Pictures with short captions
"""
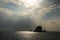 Sun rays shining on small deserted island in Andaman sea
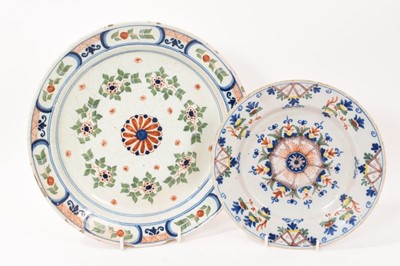 Lot 133 - Two 18th century tin glazed dishes, polychrome painted, the smaller Dutch and the larger probably French, 23.5cm and 31cm diameter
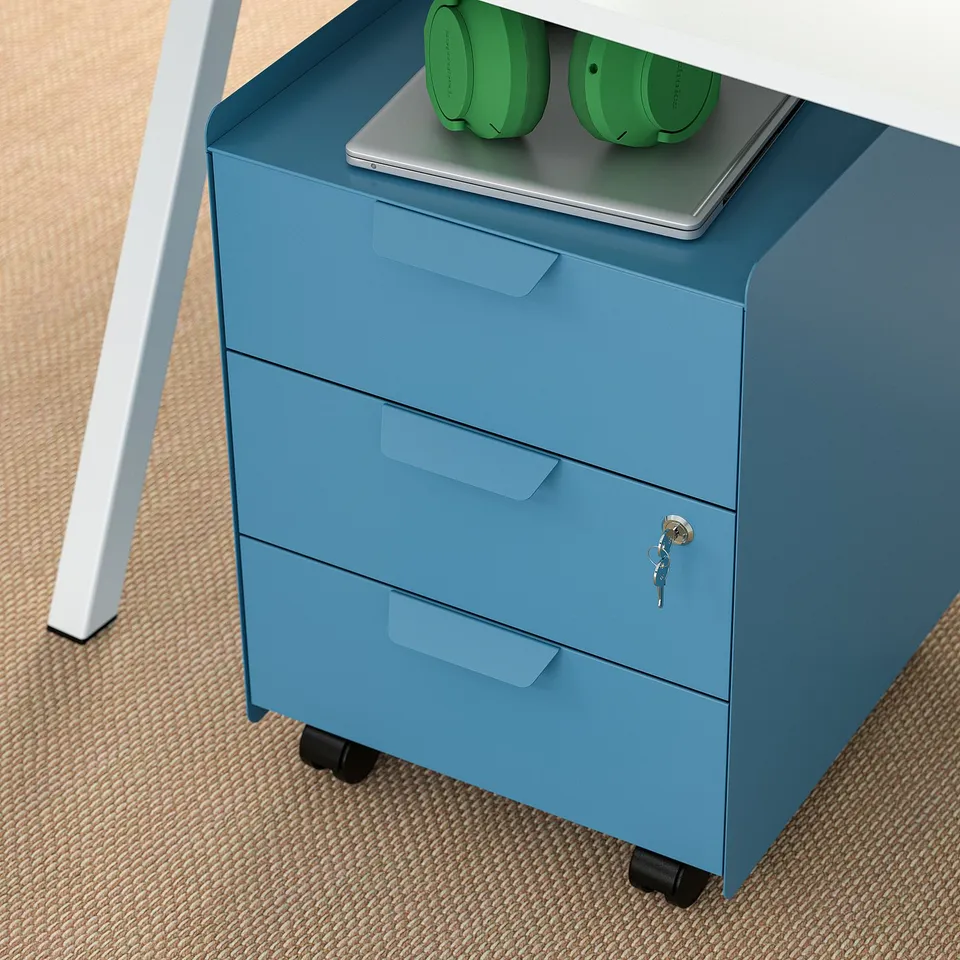 Blue metal office drawer unit with three drawers, locked, under a desk with a laptop on top.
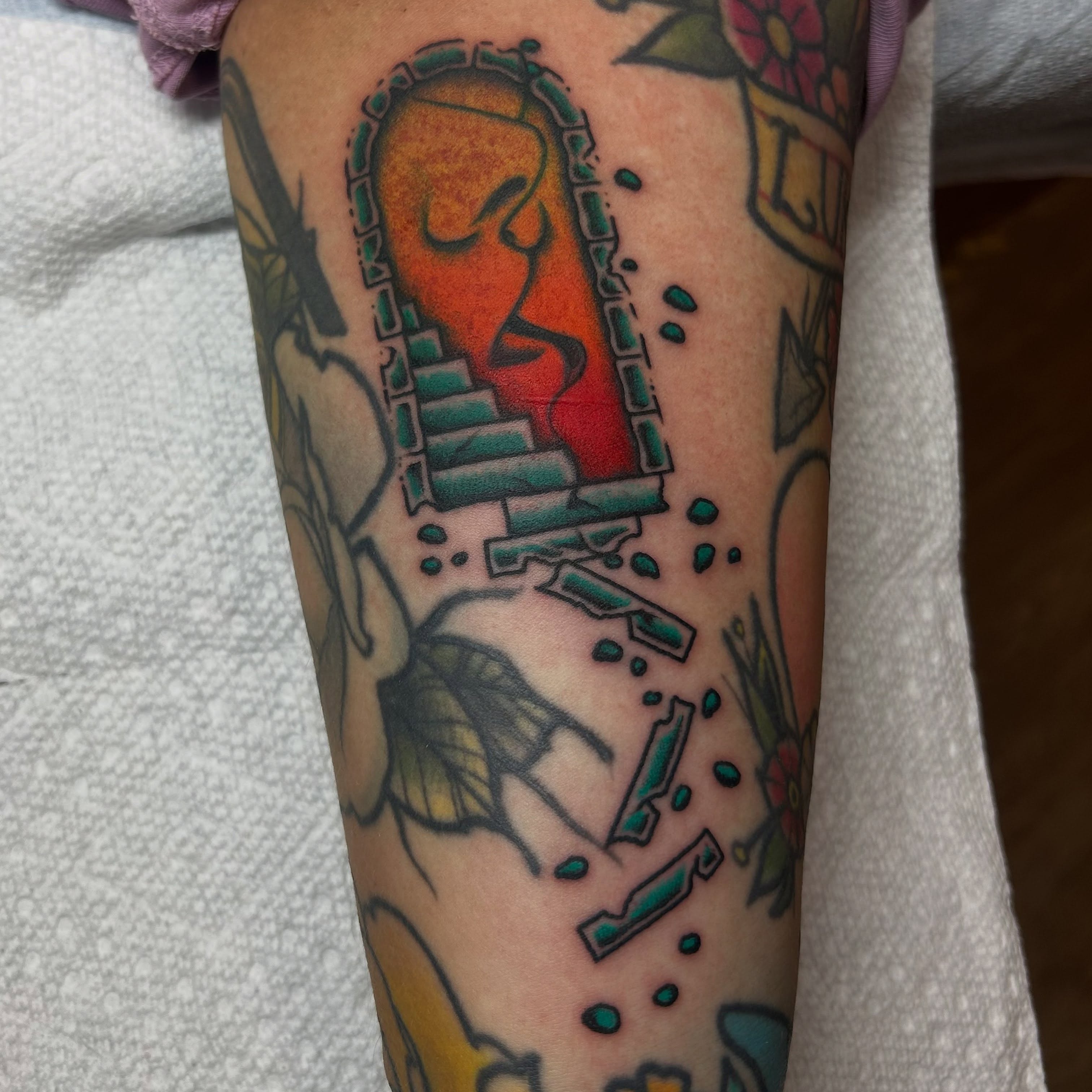 Abstract face geometric tattoo on the forearm by Stephen Sanchez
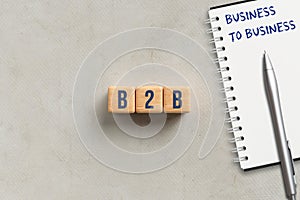 Cubes with acronym B2B and notepad with explanation BUSINESS TO BUSINESS
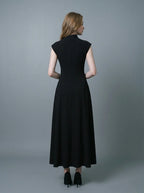 Back view of a woman in a black mock neck cap sleeve A-line dress standing against a grey background.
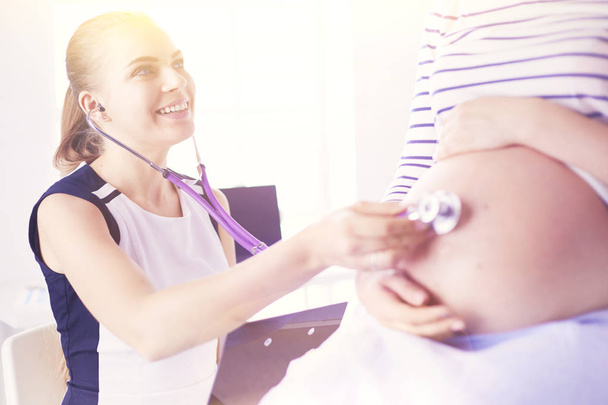 Mladá žena lékař se stetoskopem mluvit s těhotnou ženou v nemocnici. - Fotografie, Obrázek
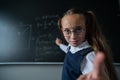 Portrait of a caucasian girl in glasses in the classroom. The schoolgirl writes the formula with chalk on the blackboard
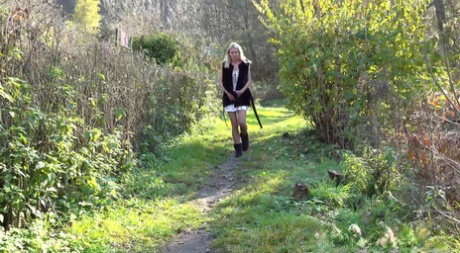 Blonde girl Claudia Macc spreads her pussy lips while taking a pee in nature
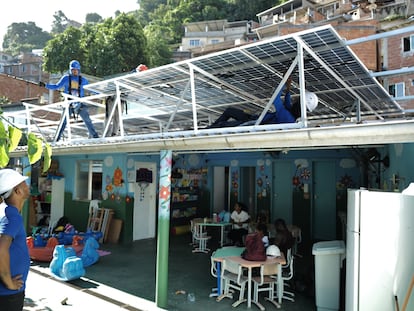 Workers with the nonprofit organization Revolusolar install solar panels on a nursery in the Chapeu Mangueira favela in Rio de Janeiro, Brazil, on Wednesday, March 1, 2023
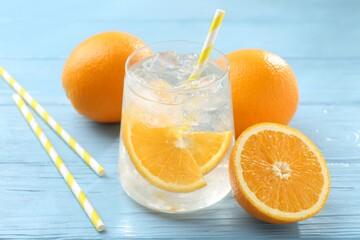 Sparkling water with orange slices in glass, fresh fruits and straws on light blue wooden table, closeup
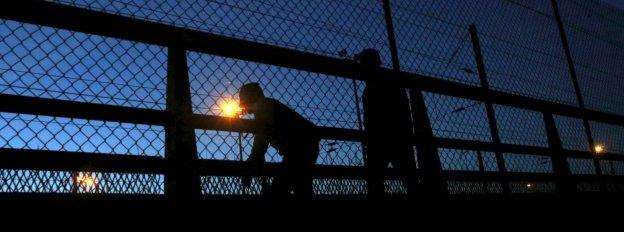 Migrants attempt to access the Channel Tunnel in Frethun, near Calais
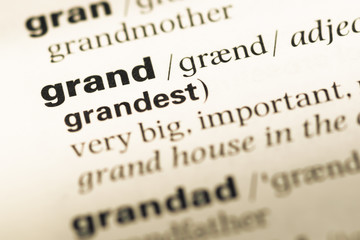 Obraz premium Close up of old English dictionary page with word grand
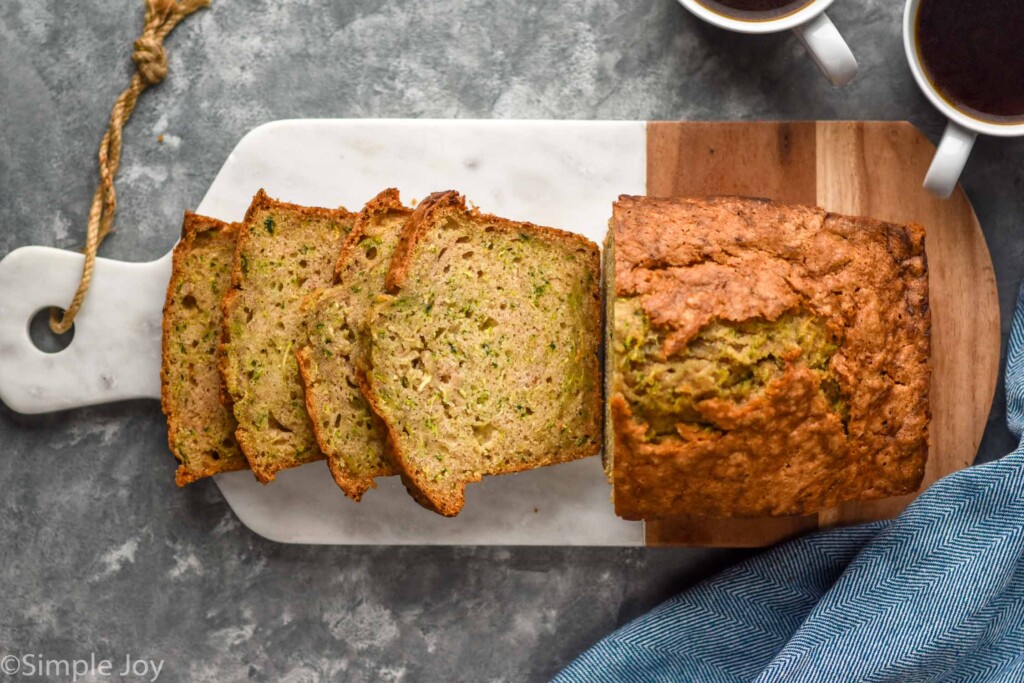 overhead of loaf and slices of zucchini bread on a cutting board with mugs of coffee sitting beside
"""
Exercise requirements:
In the entries above, find the line containing "Migrants attempt to". Transcribe it and every later line to the end, exactly, and leave out the pictures.

Written solution:
 Migrants attempt to access the Channel Tunnel in Frethun, near Calais
 Obraz premium Close up of old English dictionary page with word grand
 overhead of loaf and slices of zucchini bread on a cutting board with mugs of coffee sitting beside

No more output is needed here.